Can the Internet Forgive?
This week we got our latest taste of the internet outrage machine when it was revealed that Lena Dunham wasn’t compensating artists who were performing on her book tour. You all know how I feel about this, so I agreed with the sentiment that she should pay artists. Luckily, later the same day, Dunham tweeted that she understood the complaints, agreed that artists deserve compensation, and stated unequivocally that the performers on her tour would be compensated. Yay! The internet works! Someone’s mistake was pointed out, and they admitted their oversight and corrected it! Simple, right? Well, no. There will now always be people who talk about “that time Lena Dunham didn’t pay performers” even though this issue was settled before any opening acts would have performed for free, because the internet is bad at forgiveness and worse at forgetting. After all, we still haven’t forgiven her for writing a scene in which a character she plays, who is high at the time, describes herself as “the voice of our generation. Or at least A voice. Of A generation.”
As the internet gets more and more into its role as the arbiter of morality, ethics, and social grace, the less often people wait to hear the whole story before passing judgement. After all, why give anyone time to explain when the situation is so clear? Even when, time and again, we find out that we were hoaxed, deceived, or that things were not what they seemed at first.
Often, the outrage seems to be directed within groups of like-minded individuals as well. Because if people don’t at least halfway agree with you, they’re not going to care about your criticism, but when we catch someone we feel aligned with in a mistake we feel let down and we know that we can hurt them. Because they do care.
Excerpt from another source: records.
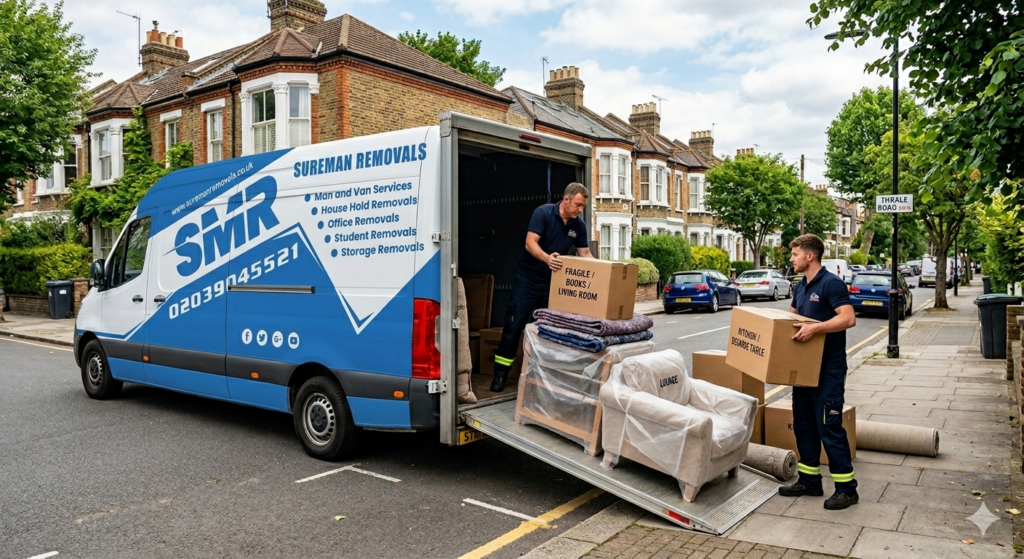 Man and Van Pinner team helping with affordable house removals in Pinner HA5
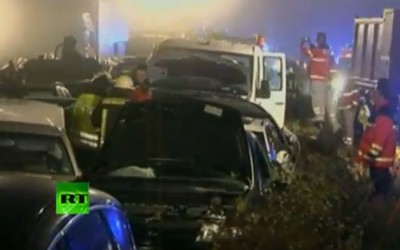 VIDEO: Καραμπόλα 52 αυτοκινήτων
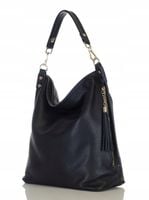 VERA PELLE Włoska Skórzana TOREBKA worek SKÓRA S15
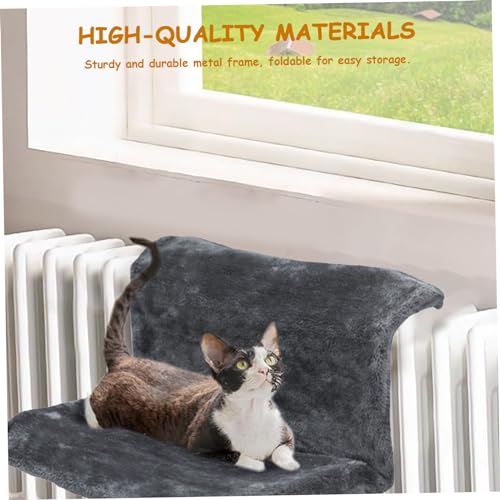Almohadilla de calor de gato con estructura de hamaca colgante estable 4
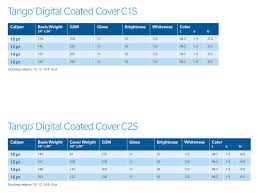 Tango Digital Coated Cover C1s C2s Paperboard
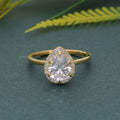 Bold Pear Lab Grown Diamond Solitaire Halo Ring - JBR Jeweler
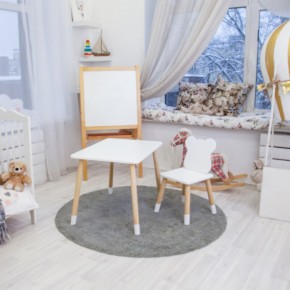 Детский комплект стол и стул «Мишка» Rolti Baby (белый/береза, массив березы/мдф) в Троицке - troick.ok-mebel.com | фото 3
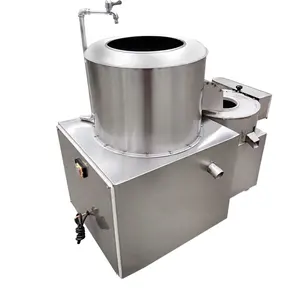 Commercial Small Potato Peeler Shred Machine Automatic Peel and Slice for Restaurant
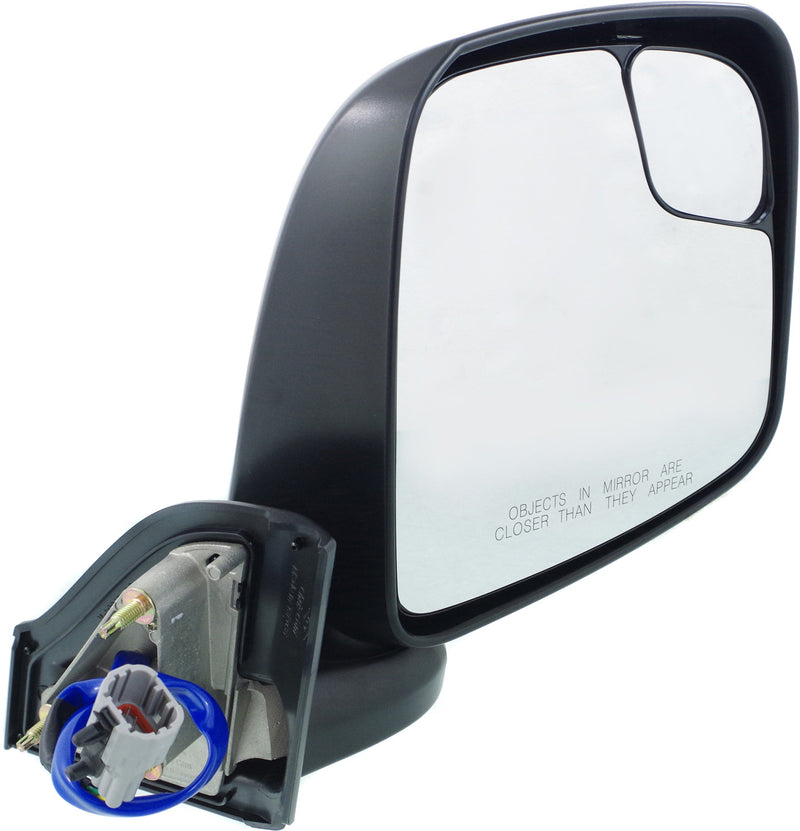 Driver and Passenger Side Mirrors, Power, Heated, Manual Folding, Textured Black, | NI1320246,NI1321246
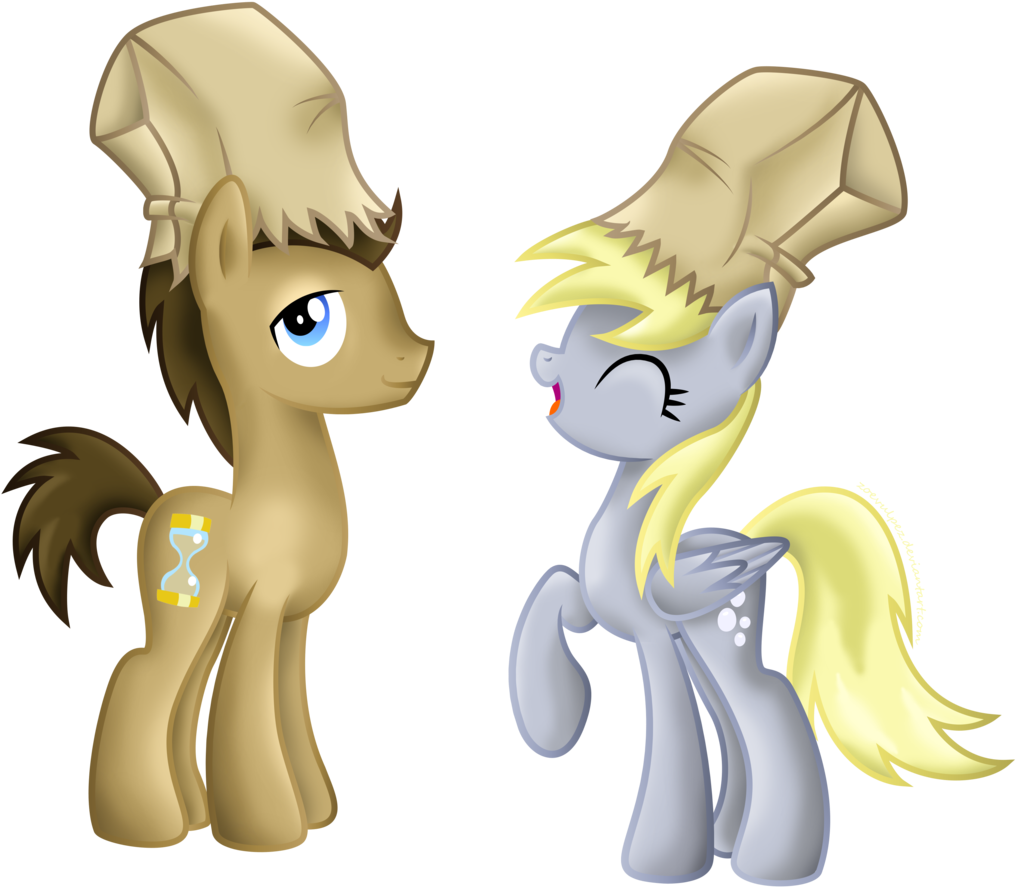Zoevulpez, Derpy Hooves, Doctor Whooves, Female, Mare, - Cartoon Clipart (1016x887), Png Download
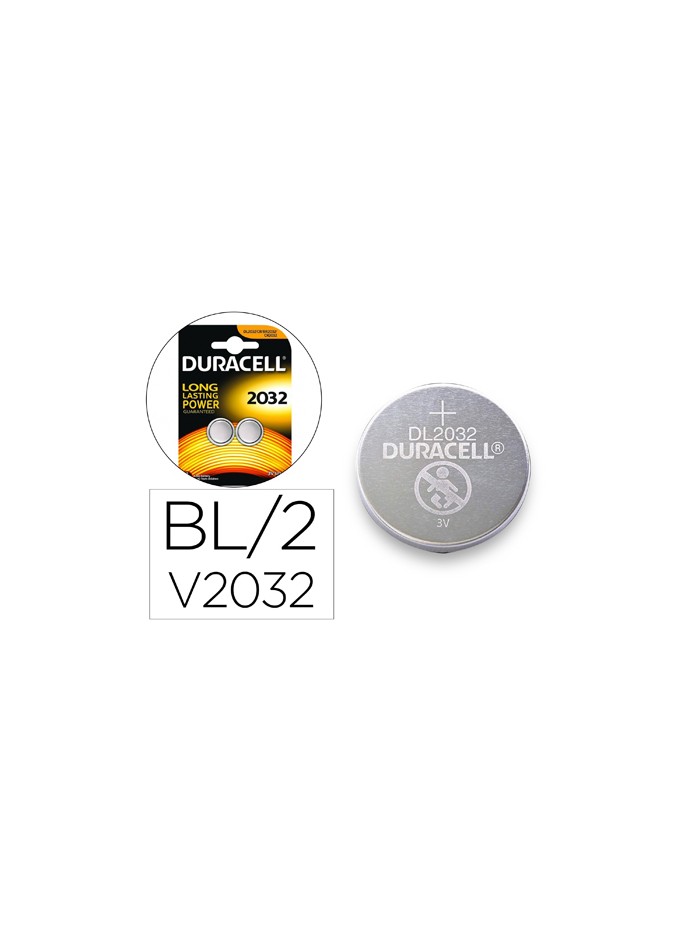 Pila duracell alcalina boton cr2032 blister 2 unidades Pila duracell alcalina boton cr2032 blister 2 unidades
One of Dunham’s biggest critics is Gawker, which previously put out a literal bounty on un-photoshopped pictures of Dunham from her Vogue shoot because…? Dunham responded with a dig on her show. Gawker and Dunham’s Girls play to almost exactly the same audience, which is why each one matters to the other enough to leave a mark. When Emma Watson spoke at the UN to introduce the “He for She” campaign, some of her biggest critics were not anti-feminists, but feminists who felt since her ten minute speech failed to encompass all of feminism and the various off-shoots, that she had failed as an ambassador for that particular cause.
There are many examples of people who have been ruined by headline grabbing incidents that overshadowed otherwise good work: The political career of Howard Dean, who was the governor of Vermont for 12 years, is still summed up by one video of him yelling in front of a crowd. Tom Cruise became a national joke after jumping on Oprah’s couch, despite never behaving in a similar way before or since. Anne Hathaway retreated from her career because people found her too earnestly ambitious, which is apparently a bad thing. There are some people who deserve to have their crimes remembered, but the internet seems to have no system for allowing that they may have moved on or grown in any way. It is terrifying. All of us grow and change, each and every day of our lives in numerous small ways. I can’t imagine having to live day to day with the possibility that something I did or said 3, 5, or 10 years ago might be dragged out and used against me. What is there to say but “Yes, I did that, but I have learned” from it over and over again while a nameless, faceless mob continues to judge you as though you haven’t?
We’ve gotten to the point where we have learned to be skeptical of certain kinds of internet stories, unless all of you really did think that woman in Florida got a third boob. Maybe it’s time we also apply a grace period to these various celebrity “scandals” to give them time to collect their thoughts and respond. In Dunham’s case, it took less than a day.